Jamais le caractère national ne s’y plierait. En conséquence, — et c’était la première des deux modifications qu’elle apportait au système belge, — la Commission de 1905, soucieuse d’éviter l’accident sans démolir la mécanique, substituait à la dernière phrase de l’article 18, emprunté de nos voisins par la Ligue de la Représentation proportionnelle de qui émanait indirectement le projet : « Est nul et n’entre pas en ligne de compte… tout bulletin sur lequel la liste déclarée aura été modifiée soit par addition, soit par suppression de noms, » cette disposition transactionnelle : « Ne compte pas comme vote de liste, mais compte comme vote isolé en faveur de chacun des candidats qui y figurent, pourvu que leur candidature soit d’ailleurs régulièrement posée, tout bulletin… », etc.

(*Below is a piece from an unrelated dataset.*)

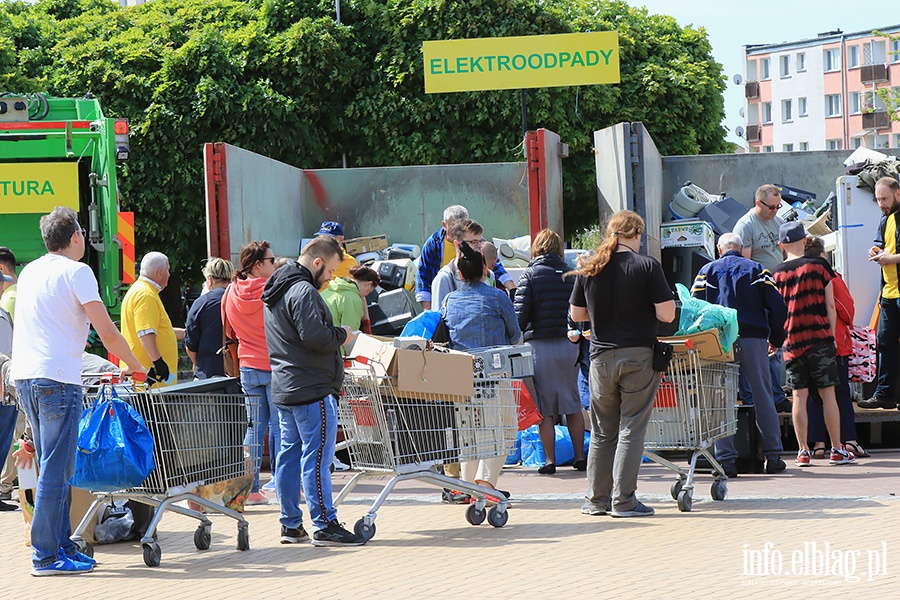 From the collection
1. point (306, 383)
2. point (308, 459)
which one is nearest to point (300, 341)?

Côte mal taillée, moyen terme, expédient, reconnaissons-le : « Ce n’est plus la liste… le bulletin

  1. Rapport fait au nom de la Commission du suffrage universel chargée d’examiner diverses propositions de loi tendant à établir la représentation proportionnelle, par M. Charles Benoist, député. Annexe au procès-verbal de la séance du 7 avril 1905. Chambre des députés, huitième législature, session de 1905, no 2376, p. 52-53.